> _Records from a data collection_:
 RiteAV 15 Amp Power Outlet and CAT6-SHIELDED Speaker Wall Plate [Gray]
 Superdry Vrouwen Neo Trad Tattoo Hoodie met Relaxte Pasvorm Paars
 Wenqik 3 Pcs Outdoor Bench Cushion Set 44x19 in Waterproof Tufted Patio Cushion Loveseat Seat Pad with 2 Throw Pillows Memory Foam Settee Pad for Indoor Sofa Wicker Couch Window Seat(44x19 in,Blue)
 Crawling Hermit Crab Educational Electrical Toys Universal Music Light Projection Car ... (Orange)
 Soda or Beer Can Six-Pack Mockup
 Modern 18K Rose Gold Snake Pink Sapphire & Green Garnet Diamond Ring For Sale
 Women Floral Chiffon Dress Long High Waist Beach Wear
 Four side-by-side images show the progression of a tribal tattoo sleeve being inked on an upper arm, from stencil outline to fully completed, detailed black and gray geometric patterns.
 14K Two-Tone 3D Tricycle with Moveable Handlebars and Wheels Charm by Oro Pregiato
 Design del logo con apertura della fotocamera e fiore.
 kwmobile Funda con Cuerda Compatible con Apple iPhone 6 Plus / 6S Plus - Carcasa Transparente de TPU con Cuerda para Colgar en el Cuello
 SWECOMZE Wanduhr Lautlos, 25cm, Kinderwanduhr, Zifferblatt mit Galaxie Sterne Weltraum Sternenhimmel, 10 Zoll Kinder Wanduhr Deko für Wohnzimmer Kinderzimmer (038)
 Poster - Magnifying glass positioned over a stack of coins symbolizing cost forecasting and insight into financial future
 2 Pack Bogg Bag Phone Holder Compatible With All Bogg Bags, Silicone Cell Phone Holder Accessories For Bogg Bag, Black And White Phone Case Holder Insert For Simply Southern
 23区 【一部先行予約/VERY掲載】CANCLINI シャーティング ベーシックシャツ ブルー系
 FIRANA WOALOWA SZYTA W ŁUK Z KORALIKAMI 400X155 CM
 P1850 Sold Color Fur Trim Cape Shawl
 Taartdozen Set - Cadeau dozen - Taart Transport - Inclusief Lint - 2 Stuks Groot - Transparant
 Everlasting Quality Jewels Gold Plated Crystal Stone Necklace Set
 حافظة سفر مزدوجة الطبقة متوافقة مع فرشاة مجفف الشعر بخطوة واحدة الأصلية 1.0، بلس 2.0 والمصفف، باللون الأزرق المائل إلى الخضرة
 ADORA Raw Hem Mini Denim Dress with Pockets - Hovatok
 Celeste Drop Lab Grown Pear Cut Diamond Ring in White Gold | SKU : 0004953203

> _What the task requires_:
The lines needed are the ones from the first line of the entries through the line that contains "kwmobile Funda con", given again without any change.

> _Task answer_:
 RiteAV 15 Amp Power Outlet and CAT6-SHIELDED Speaker Wall Plate [Gray]
 Superdry Vrouwen Neo Trad Tattoo Hoodie met Relaxte Pasvorm Paars
 Wenqik 3 Pcs Outdoor Bench Cushion Set 44x19 in Waterproof Tufted Patio Cushion Loveseat Seat Pad with 2 Throw Pillows Memory Foam Settee Pad for Indoor Sofa Wicker Couch Window Seat(44x19 in,Blue)
 Crawling Hermit Crab Educational Electrical Toys Universal Music Light Projection Car ... (Orange)
 Soda or Beer Can Six-Pack Mockup
 Modern 18K Rose Gold Snake Pink Sapphire & Green Garnet Diamond Ring For Sale
 Women Floral Chiffon Dress Long High Waist Beach Wear
 Four side-by-side images show the progression of a tribal tattoo sleeve being inked on an upper arm, from stencil outline to fully completed, detailed black and gray geometric patterns.
 14K Two-Tone 3D Tricycle with Moveable Handlebars and Wheels Charm by Oro Pregiato
 Design del logo con apertura della fotocamera e fiore.
 kwmobile Funda con Cuerda Compatible con Apple iPhone 6 Plus / 6S Plus - Carcasa Transparente de TPU con Cuerda para Colgar en el Cuello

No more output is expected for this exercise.